Short web captions:
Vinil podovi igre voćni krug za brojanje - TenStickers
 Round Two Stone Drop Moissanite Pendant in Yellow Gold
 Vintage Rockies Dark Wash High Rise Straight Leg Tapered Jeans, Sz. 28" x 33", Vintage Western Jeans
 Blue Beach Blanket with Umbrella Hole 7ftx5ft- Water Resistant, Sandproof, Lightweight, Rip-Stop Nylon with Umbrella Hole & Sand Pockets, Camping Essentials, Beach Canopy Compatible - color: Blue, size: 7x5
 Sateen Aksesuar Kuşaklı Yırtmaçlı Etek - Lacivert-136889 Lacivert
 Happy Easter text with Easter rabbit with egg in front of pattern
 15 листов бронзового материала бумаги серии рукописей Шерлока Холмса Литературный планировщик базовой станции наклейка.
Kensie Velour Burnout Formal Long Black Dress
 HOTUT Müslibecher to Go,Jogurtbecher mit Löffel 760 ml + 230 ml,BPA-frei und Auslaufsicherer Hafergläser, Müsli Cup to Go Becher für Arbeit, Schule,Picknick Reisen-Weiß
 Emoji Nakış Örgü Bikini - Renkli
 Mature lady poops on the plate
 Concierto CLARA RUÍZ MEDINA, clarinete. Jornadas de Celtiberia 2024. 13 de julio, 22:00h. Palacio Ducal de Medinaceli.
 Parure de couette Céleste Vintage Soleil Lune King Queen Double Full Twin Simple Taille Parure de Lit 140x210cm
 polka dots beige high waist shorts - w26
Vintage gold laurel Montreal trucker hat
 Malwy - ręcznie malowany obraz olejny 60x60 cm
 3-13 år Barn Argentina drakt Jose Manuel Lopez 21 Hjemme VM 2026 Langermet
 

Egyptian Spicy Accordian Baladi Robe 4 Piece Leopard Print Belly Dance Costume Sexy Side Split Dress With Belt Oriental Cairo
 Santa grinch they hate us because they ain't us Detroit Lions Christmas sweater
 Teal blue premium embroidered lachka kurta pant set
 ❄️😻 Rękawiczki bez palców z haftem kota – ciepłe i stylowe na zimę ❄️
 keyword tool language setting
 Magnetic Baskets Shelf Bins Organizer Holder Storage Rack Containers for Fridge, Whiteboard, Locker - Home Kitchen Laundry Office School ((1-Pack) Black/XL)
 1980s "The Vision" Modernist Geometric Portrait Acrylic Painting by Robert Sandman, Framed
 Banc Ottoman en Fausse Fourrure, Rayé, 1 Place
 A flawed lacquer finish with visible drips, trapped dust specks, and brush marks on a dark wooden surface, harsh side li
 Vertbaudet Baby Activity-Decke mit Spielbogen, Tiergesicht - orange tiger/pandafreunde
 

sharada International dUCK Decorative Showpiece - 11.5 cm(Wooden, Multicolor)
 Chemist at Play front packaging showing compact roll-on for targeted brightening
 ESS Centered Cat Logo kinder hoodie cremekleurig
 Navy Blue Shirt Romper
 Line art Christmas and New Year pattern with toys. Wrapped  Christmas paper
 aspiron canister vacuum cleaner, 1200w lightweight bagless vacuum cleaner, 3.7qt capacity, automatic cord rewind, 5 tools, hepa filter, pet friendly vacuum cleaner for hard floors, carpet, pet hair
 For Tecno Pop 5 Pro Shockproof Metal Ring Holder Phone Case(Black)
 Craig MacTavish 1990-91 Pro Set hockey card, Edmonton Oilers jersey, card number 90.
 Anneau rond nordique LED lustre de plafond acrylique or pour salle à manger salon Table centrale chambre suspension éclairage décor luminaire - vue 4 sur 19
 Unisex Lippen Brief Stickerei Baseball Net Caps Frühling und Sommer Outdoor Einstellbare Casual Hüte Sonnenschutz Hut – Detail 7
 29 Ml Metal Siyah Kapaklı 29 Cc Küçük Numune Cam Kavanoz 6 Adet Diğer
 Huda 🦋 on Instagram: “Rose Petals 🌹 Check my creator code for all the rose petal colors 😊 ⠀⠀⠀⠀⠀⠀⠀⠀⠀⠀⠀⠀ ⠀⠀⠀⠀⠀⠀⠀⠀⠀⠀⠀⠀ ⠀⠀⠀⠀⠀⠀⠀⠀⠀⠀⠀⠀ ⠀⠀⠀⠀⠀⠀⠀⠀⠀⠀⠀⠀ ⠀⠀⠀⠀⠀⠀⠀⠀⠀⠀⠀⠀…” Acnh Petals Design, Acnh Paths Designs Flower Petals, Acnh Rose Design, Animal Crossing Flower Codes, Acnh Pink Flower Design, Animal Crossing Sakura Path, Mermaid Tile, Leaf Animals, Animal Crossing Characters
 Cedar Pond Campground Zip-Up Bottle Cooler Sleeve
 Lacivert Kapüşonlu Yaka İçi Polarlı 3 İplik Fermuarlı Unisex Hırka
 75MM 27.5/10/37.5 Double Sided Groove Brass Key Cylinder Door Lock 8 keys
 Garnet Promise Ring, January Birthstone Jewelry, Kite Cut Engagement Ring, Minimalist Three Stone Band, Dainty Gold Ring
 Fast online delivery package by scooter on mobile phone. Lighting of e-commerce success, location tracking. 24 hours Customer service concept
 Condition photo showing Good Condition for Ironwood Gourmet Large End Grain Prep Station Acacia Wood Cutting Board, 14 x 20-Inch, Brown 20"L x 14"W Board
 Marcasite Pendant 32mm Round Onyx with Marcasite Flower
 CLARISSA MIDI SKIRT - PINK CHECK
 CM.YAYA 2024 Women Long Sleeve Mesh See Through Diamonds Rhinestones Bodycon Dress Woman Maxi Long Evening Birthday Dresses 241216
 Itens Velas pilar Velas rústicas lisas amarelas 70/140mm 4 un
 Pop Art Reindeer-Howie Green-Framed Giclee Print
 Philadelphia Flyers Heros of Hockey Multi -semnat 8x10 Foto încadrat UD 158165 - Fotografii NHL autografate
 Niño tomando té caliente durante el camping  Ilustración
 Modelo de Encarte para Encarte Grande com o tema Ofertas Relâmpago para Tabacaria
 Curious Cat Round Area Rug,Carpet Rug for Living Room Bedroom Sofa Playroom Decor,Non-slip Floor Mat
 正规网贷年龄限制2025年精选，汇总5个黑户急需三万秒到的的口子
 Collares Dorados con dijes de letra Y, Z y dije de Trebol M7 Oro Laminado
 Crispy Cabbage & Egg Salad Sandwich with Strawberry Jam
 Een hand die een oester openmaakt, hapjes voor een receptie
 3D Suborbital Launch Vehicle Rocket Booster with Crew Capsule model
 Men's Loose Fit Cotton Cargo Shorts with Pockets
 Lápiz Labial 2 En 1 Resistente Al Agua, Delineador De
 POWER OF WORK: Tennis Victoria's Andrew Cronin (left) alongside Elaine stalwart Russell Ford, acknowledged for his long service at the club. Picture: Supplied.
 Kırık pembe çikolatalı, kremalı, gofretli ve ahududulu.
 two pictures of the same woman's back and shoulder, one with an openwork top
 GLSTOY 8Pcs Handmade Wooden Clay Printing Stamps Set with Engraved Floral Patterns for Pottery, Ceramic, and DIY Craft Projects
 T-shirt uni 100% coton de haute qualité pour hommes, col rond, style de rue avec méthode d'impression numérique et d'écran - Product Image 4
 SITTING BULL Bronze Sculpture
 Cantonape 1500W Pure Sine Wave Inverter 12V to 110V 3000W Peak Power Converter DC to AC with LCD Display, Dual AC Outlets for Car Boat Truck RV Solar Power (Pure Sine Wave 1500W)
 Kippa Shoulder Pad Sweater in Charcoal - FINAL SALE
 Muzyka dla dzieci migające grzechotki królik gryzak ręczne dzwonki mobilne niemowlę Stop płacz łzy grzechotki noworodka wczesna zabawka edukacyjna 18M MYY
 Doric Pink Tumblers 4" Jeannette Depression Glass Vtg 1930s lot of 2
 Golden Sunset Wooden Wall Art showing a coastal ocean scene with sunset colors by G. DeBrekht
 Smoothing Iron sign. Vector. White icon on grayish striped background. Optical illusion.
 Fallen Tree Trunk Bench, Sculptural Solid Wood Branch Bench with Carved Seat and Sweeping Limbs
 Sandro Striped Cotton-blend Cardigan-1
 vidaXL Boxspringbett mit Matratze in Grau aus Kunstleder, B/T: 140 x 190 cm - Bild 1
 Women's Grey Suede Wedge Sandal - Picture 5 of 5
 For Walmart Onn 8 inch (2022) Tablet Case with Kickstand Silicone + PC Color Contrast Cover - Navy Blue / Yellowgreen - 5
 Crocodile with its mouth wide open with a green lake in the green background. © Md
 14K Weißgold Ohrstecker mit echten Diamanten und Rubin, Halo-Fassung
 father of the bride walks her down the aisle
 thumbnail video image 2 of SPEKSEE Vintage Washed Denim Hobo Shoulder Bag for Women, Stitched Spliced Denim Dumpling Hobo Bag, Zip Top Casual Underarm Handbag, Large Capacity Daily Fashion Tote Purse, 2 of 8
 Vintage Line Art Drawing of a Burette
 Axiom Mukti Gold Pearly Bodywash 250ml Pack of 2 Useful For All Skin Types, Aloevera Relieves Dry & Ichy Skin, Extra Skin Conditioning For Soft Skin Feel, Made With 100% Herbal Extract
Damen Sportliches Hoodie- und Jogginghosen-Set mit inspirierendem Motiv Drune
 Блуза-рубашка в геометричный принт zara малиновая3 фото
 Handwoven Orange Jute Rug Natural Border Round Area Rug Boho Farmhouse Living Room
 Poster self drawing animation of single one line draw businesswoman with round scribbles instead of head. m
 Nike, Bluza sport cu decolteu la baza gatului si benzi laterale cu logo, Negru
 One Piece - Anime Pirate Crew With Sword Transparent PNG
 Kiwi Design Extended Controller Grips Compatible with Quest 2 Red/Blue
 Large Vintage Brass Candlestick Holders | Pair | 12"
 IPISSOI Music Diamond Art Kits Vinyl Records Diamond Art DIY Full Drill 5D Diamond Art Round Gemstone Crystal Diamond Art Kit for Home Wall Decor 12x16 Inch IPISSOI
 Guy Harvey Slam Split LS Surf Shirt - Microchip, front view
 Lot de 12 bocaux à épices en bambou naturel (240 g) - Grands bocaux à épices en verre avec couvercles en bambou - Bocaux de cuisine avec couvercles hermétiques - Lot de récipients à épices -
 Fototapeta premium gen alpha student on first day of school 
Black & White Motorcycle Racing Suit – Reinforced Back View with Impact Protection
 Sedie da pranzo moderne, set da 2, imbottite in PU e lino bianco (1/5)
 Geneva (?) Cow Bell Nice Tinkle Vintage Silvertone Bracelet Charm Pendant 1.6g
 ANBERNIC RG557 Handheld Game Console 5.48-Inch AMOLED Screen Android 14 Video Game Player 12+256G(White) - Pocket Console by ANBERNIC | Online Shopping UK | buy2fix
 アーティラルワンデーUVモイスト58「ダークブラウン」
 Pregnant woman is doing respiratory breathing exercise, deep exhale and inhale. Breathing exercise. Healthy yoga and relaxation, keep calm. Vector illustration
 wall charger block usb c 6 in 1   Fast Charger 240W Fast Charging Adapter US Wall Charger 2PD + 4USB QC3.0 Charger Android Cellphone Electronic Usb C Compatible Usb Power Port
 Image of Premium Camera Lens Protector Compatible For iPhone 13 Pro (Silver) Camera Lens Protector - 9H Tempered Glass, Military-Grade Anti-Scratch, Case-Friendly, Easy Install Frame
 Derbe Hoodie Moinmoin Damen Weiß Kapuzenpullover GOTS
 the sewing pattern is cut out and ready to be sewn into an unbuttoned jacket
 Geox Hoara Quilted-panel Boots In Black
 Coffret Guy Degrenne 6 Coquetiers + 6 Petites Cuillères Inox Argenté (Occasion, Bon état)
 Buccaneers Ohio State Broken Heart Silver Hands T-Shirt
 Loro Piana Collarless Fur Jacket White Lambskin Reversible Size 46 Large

▸ WORK ITEM: Read the entries above, then pull out the lines that include "Fast".

▸ YOUR SOLUTION:
 Fast online delivery package by scooter on mobile phone. Lighting of e-commerce success, location tracking. 24 hours Customer service concept
 wall charger block usb c 6 in 1   Fast Charger 240W Fast Charging Adapter US Wall Charger 2PD + 4USB QC3.0 Charger Android Cellphone Electronic Usb C Compatible Usb Power Port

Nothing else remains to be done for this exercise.